--- Given material ---
# # #

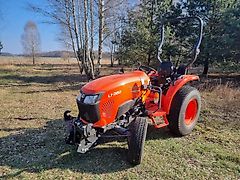 Kubota L1 382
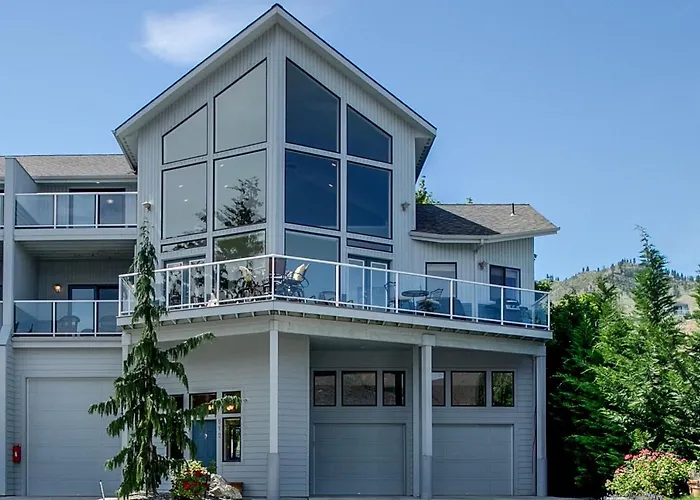 Chelan Resort Waterfront Townhouse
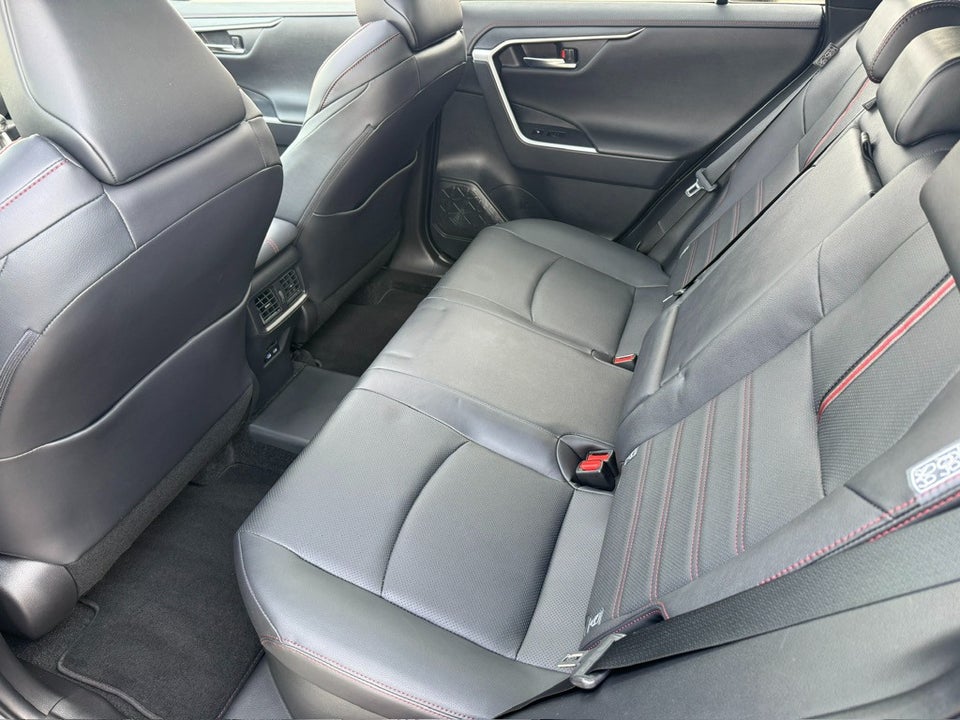 Toyota RAV4 2,5 Plug-in Hybrid Executive AWD-i 5d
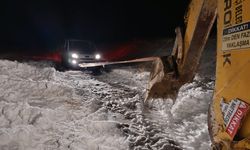 Van’da soğuk hava ulaşımı olumsuz etkiledi! Yardıma İpekyolu Belediye Ekipleri yetişti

# # #

--- What the task asks ---
Word-for-word output of the material above is needed, with the pictures left out.

--- Solution ---
 Kubota L1 382
 Chelan Resort Waterfront Townhouse
 Toyota RAV4 2,5 Plug-in Hybrid Executive AWD-i 5d
 Van’da soğuk hava ulaşımı olumsuz etkiledi! Yardıma İpekyolu Belediye Ekipleri yetişti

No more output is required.